Ma il Cavaliere non accetta la tattica del carciofo, non vuole sfogliare un petalo alla volta, pretende da subito un patto esplicito che riguardi anche il Quirinale e il governo. «Altrimenti - ha spiegato ancora ieri - per noi è meglio andare al voto a giugno. Renzi si è sgonfiato e, anche se il Pd dovesse candidare lui, saremmo noi stavolta a vincere il premio di maggioranza».

Berlusconi nell'intesa vorrebbe anche farci entrare una qualche forma di salvacondotto giudiziario, non soltanto il riconoscimento politico di un ruolo da kingmaker. Quanto meno la garanzia di un voto contrario del Pd se mai dovesse davvero arrivare una richiesta di arresto. Sul Quirinale poi, ed è qui forse l'incaglio maggiore, Berlusconi non ha dato (ancora) via libera a una candidatura di area democratica. Né D'Alema ma nemmeno Giuliano Amato. «Stavolta tocca a noi».

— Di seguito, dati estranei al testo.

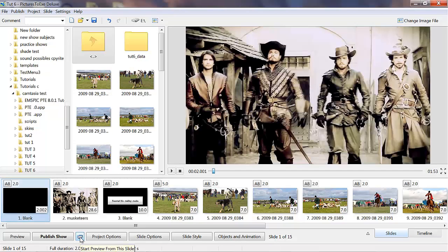Hi folks, Yachtsman1 here again. This time we're on tutorial 6 which covers adding audio to a basic slideshow for beginners. Audio is 50% of the enjoyment your viewers will get from seeing your slideshows. In the old days of silent movies they even had a piano player to enhance the shows and build up the tension in the audience. Audio is a very important part of audiovisual.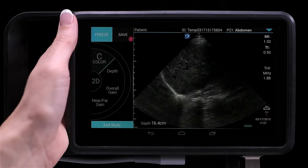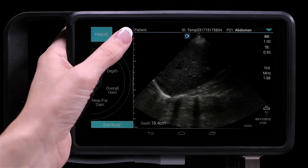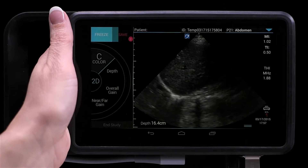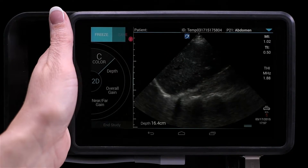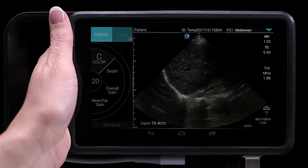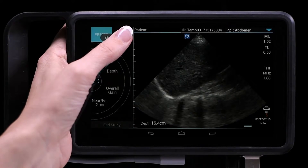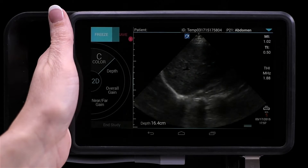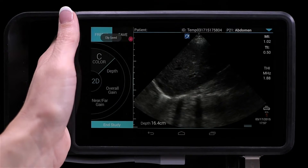To take a clip, press and hold the save button. The clip will record for the length of time you've set on the preferences page — in this case, six seconds. If you want to stop the clip earlier, just tap Save again.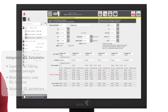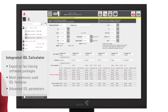An integrated IOL calculator offers the most commonly used IOL formulas, as well as some advanced parameters for future IOL calculation methods. An export function to ray tracing software packages makes it possible to calculate premium IOLs and post-LASIK cases.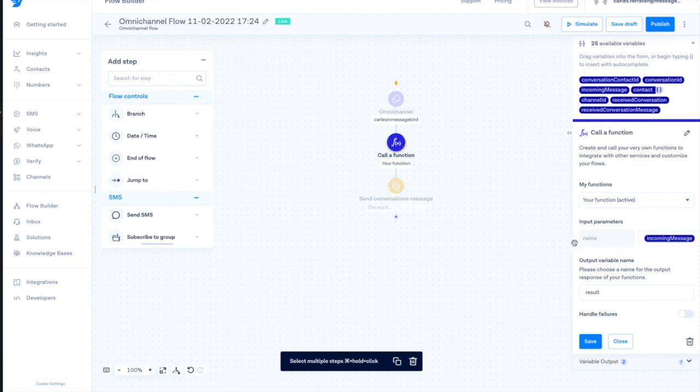The call a function step allows to trigger a custom piece of code with any variable from a flow as an input and returns any string variable after execution.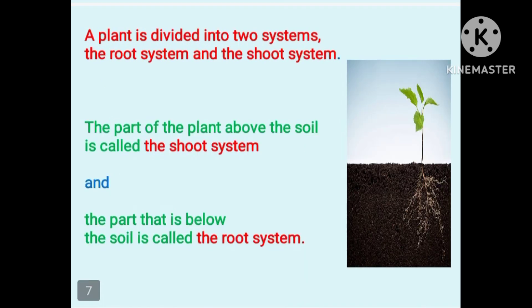If you pick one plant and observe it, you can see that the plant is divided into two systems: one is the root system and the other is the shoot system. The part of the plant above the soil is called the shoot system, and the part below the soil is called the root system.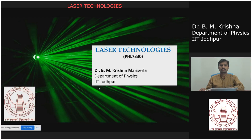Good morning everyone. Welcome to the laser technologies course. I am Dr. B.M. Krishna Marisarala, working at the Department of Physics, IIT Jodhpur.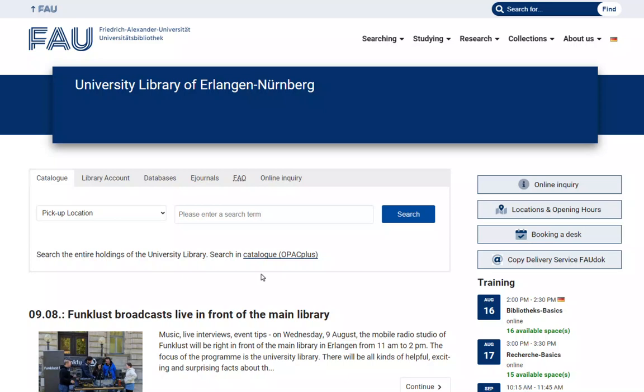Welcome to our e-tutorial on how to order an item via interlibrary loan. Items that are not available at a local library can be requested from another library.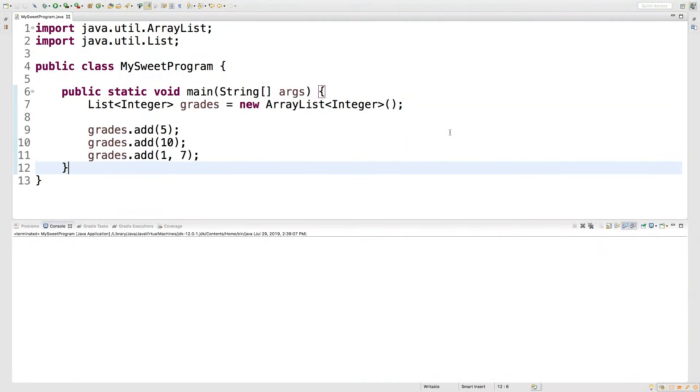Hey, what's up, everyone? Welcome back. This video, we're going to be talking about how to easily add data to a list and how to easily print a list in just one line of code.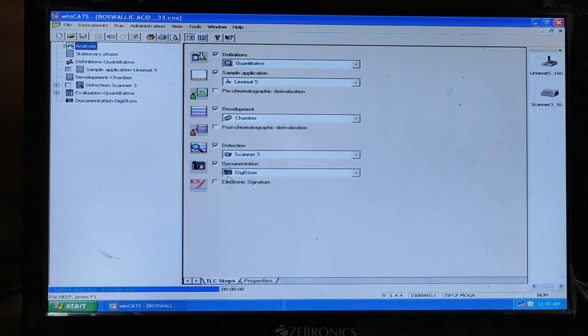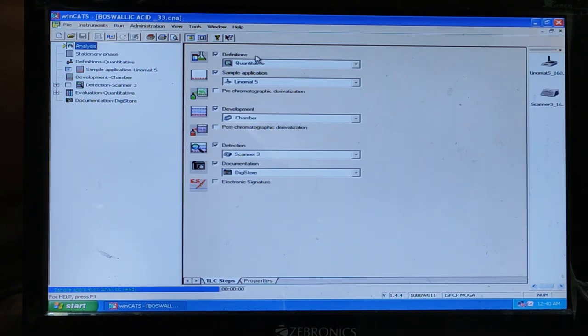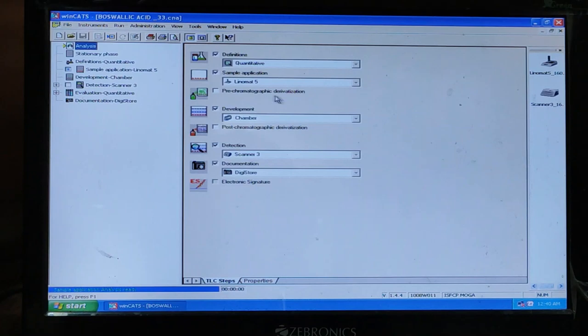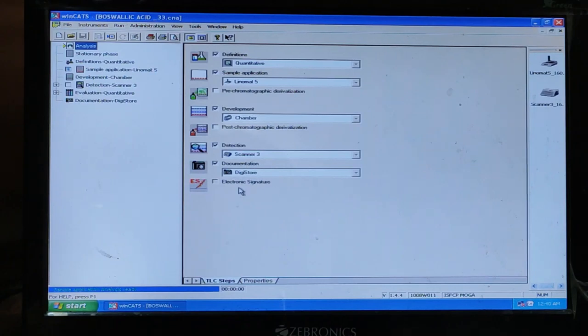And all these heads are automated by WinCat software. These heads include definitions, sample application, pre-chromatographic derivatization, development, detection, documentation and electronic signature.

Intanto sulla trattativa-ombra un primo passo avanti è stato fatto ieri. Dopo un colloquio segreto tra Finocchiaro e Calderoli, e una triangolazione con Bobo Maroni a Milano, è arrivato il via libera del Carroccio. Tanto che Calderoli, che dovrebbe diventare vicepresidente vicario del Senato, è uscito allo scoperto mettendo per primo il cappello sulla possibile intesa con un'intervista alla Padania.

Bersani ovviamente è consapevole di quanto sia sottile il ghiaccio sul quale sta pattinando e ha avuto sentore di cosa si muove sotto la superficie. Benché i suoi assicurino che la sintonia con D'Alema sia totale, è evidente che i due schemi di gioco sono molto diversi. Sembra infatti che il segretario Pd, conscio del pericolo, abbia chiesto una sponda a Mario Monti.

E un altro sicuro alleato è Dario Franceschini, che vedrebbe sfumare le sue ambizioni sulla presidenza della Camera se andasse in porto l'ipotesi D'Alema di metterci un Dellai o un Balduzzi. Così, tra queste manovre, si apre la diciassettesima legislatura. E le speranze di sbloccare lo stallo e i veti incrociati sono davvero al lumicino. Beppe Fioroni racconta di essere andato a trovare un affranto Bersani per tirarlo un po' su di morale: «Vedrai Pierluigi che adesso, dopo aver finito il lavoro con il Conclave, lo Spirito santo avrà un po' di tempo per concentrarsi su di noi».